Indeed, the results from the study seem to support his hypothesis. He and Petrie discovered that the condition and length of the peacock’s tail was related to the production of B-cells, and the size of the eye spots to T-cell production"
“Our main finding is that females are looking at different aspects of a male’s immune competence,” said Moller. Males, in effect, are walking billboards advertising their health and status."
> Runway fashions are meant for those who can wear them, just like Ferrari is
> meant for those who can afford it.
I’ve never seen anybody wear runway fashions, including people as thin as runway models. In so far as there are changes in the styles of clothing that nearly anybody wears, they happen very slowly and don’t appear to be following the runway fashions. Indeed, I suspect any influence goes the other way. Every once in a while some fashion designer will copy some street fashion.
The same thing appears to me to be happening with fashions in body style. It was claimed that there was a trend for “heroin chic” in women in the 1990’s, while today there is a trend for women being pumped up. I don’t see any evidence that such a thing has actually happened anywhere except in the minds of the several dozen fashion czars who control what image of women is shown on fashion runways, women’s magazines, TV shows, movies, etc. In so far as there is any real change in what most people’s bodies look like, the statistics say there has been a trend among American men and women for putting on weight (and not muscle) over the past twenty years.

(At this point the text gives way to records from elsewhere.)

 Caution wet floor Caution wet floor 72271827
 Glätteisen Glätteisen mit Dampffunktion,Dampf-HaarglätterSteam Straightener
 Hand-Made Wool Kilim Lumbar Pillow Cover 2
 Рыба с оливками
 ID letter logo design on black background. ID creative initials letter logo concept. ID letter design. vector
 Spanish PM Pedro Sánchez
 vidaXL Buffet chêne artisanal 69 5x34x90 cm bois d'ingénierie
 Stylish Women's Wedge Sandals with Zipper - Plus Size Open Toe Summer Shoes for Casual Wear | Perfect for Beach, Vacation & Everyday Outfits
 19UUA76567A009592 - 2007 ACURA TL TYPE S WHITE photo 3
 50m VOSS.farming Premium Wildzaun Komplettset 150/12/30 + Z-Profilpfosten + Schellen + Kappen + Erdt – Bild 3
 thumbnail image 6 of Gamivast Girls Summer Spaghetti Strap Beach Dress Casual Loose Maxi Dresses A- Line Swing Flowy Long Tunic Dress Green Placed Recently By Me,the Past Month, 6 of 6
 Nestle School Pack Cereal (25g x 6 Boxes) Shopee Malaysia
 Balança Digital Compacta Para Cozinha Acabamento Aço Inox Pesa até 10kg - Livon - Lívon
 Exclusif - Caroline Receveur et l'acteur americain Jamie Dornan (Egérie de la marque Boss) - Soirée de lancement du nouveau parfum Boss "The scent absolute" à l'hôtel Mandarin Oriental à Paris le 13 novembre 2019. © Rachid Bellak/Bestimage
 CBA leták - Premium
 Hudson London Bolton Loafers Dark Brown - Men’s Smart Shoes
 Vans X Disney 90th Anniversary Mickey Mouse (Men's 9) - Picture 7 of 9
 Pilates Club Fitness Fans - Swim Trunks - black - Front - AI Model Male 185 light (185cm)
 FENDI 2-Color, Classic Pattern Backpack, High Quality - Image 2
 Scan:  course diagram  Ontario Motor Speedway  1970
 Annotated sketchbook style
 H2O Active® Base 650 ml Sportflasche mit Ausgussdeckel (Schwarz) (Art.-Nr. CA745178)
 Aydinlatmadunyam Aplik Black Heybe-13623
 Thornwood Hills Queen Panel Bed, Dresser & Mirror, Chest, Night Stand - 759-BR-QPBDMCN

I think the assumption that the ornaments correlate wth increased risk is not a given. Clearly, if having grand tails were a significant risk, selection pressures would drive the trait to more modest proportions. Some researchers have found that the elongated tails even aid in protecting peacocks, as inexperienced predators will often leap upon the tail, rather than the body of the bird, giving it a chance to escape. My point here is that assumptions about preceived negative risk, or squandering of resources, or however one might wish to phrase it is based more on human perceptions about what “should” be than what really is. The simplest explanation is that the peacock’s tail is of sufficiently large size to act as an advertisement for health and vigor (i.e., for “good genes”), and not as burdensome as human sensibilities might expect. The tail did not evolve in isolation as a sexual display, at the cost of anything.
This can only work if the ruse is successful, in which case the individuals fooling their prospective mates with their false ornaments will still be found out in subsequent generations. If the specimen is truly not up to par, then even if he does manage to attract a mate over his more “fit” rivals, his offspring will suffer for it.
Note, however, that the key to natural selection is that on average, such individuals will ultimately not be successful. It matters not if one, or even a few, individuals manage to fool their mates with grand displays which, in their cases, do not accurately signify their true genetic stature (so to speak). Those who are the real deal will still get the goods more often (especially since there is very often more to successful mating than mere display; you have to be able to walk the walk, not just talk the talk, when rivals come a-courtin’).
It’s not a matter of motivation, it’s simply a matter of differential survival among species, rather than individuals. Mass extinctions, for example, are an obvious instance of such differential survival - some species weather the environmental changes, some die off.